Thanks all for the replies Great community!

(1): perfect, I’ve fixed it, thanks.

(2): are SSE3 supposed to be used in Rack @Vortico? Or only SSE2? Not sure about compatibility…

Also…

what a great trick

carbon14 · July 10, 2020, 6:55am

All x64 native processors are mandated to support SSE2. Not all of them support SSE3. If your code tries to run an SSE3 instruction on a processor which doesn’t support it, it will complain, probably quite badly.

You can either write your own code to detect if SSE3 is supported, and then choose between two different implementations of your function, or some compilers are capable of including the detection code for you if you supply alternatives implementations.

Vortico · July 10, 2020, 4:07pm

Rack is built with -march=nocona, so you can use MMX, SSE, SSE2 and SSE3. Rack v3 will likely add AVX.

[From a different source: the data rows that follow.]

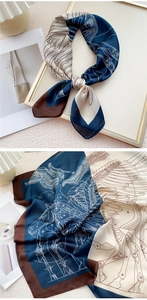 Détail d'un foulard en soie avec motif de plan bleu marine et beige sur un bureau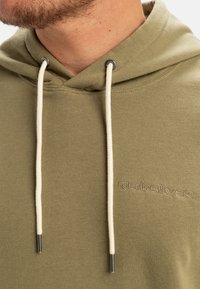 Olive green hoodie in soft fabric, featuring a front kangaroo pocket, cream drawstrings, and embroidered logo in matching color.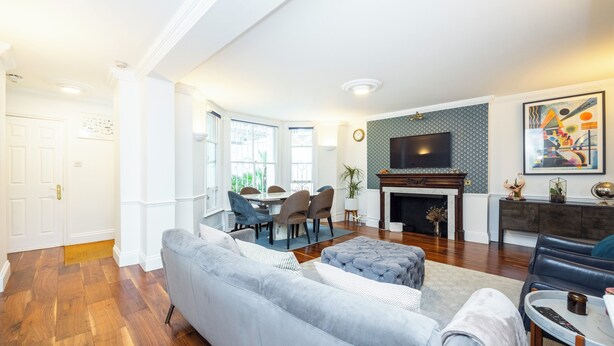 Un salon moderne avec un canapé gris, un coin repas avec des chaises, une cheminée et un téléviseur à écran plat fixé au mur.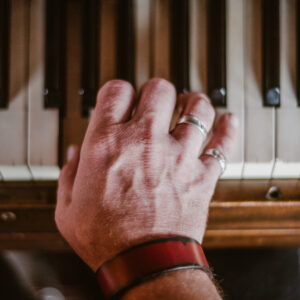 Une main portant des bagues en argent et un bracelet en cuir rouge repose sur les touches d'un piano ancien.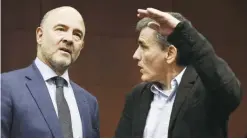  ??  ?? European Commission­er for Economic and Financial Affairs, Taxation and Customs Pierre Moscovici (left) talks with Greek Finance Minister Euclid Tsakalotos (right) prior to an Eurogroup meeting yesterday. — AFP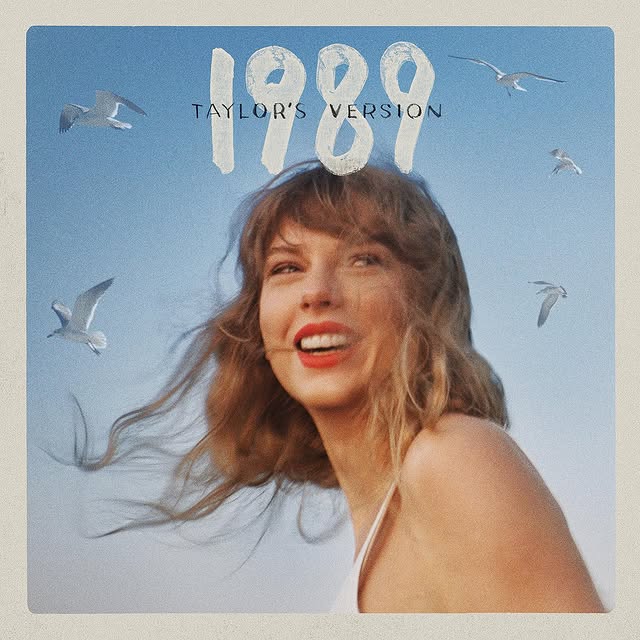 A woman with wavy hair and red lipstick smiles against a blue sky with seagulls. The text above her reads 1989 Taylor’s Version, celebrating Taylor Swift and the excitement of Vault Tracks in a soft, vintage style.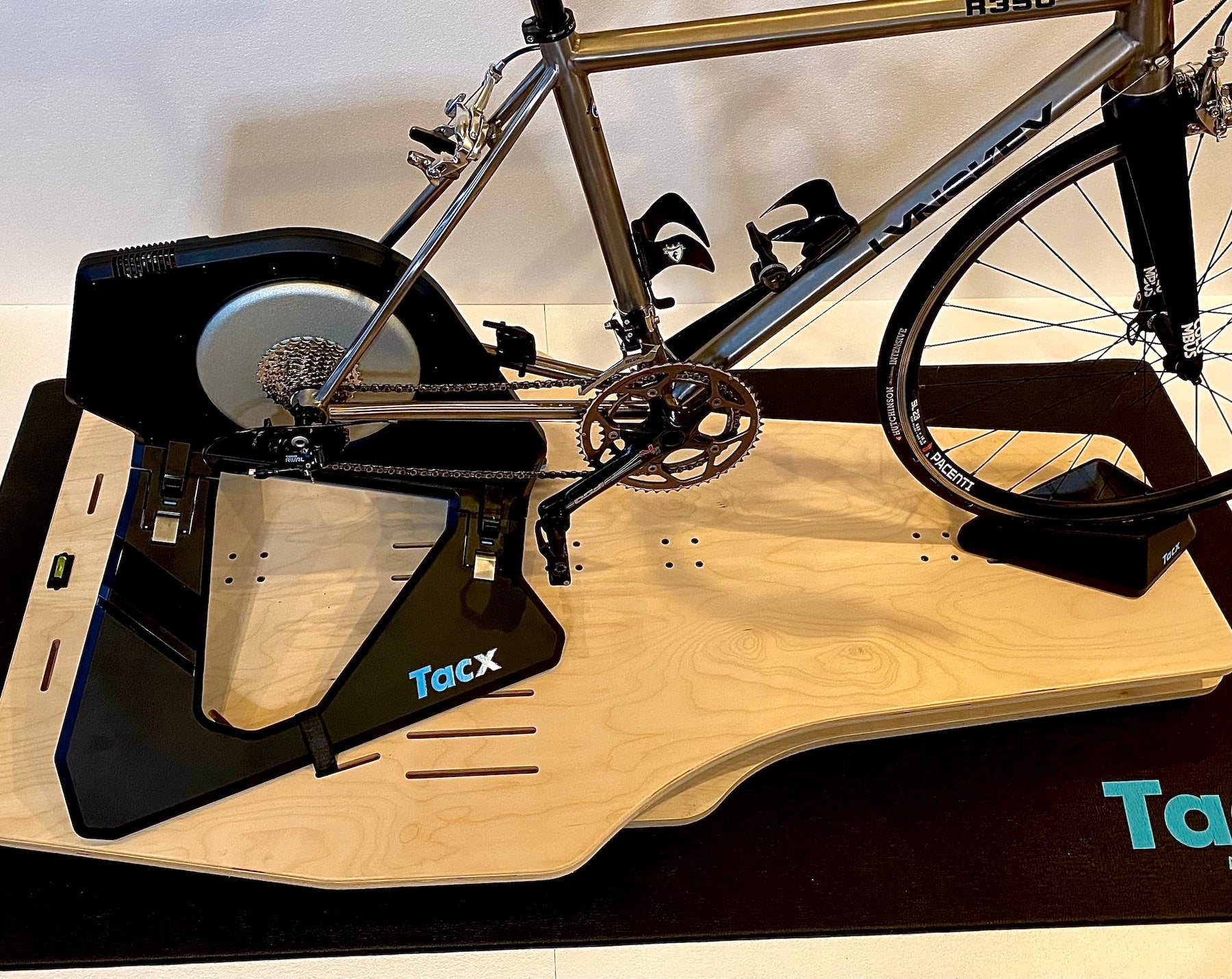 An unpainted Velocity Rocker rocker plate with a Lynskey titanium bike and Tacx Neo 2T smart trainer attached.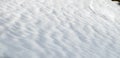 Fresh fluffy snow texture, beauty of light and shadow Royalty Free Stock Photo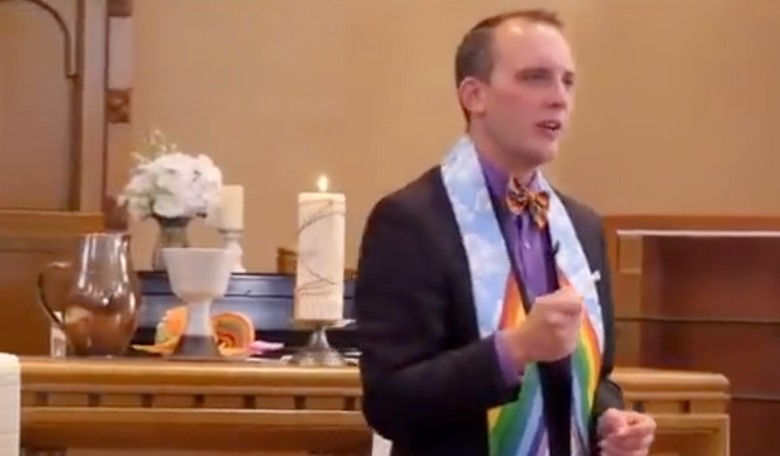 WATCH: Rainbow-Adorned Priest Delivers Woke Sermon: 'God Is Trans'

marc_boule · July 13, 2020, 12:31pm

Interesting critique by Linus Torvalds regarding AVX-512 in particular:

https://www.phoronix.com/scan.php?page=news_item&px=Linus-Torvalds-On-AVX-512

After looking at the sheer number of instructions in AVX-512, it’s not surprising… man that set is huge:

https://software.intel.com/sites/landingpage/IntrinsicsGuide/#techs=AVX_512

Squinky · July 13, 2020, 2:53pm

Well, I think when he talks about “special case garbage” he’s talking about audio, which we all happen to care about. Now it’s true that 512 is a little big to be that useful in VCV, but it would be quite useful in VST.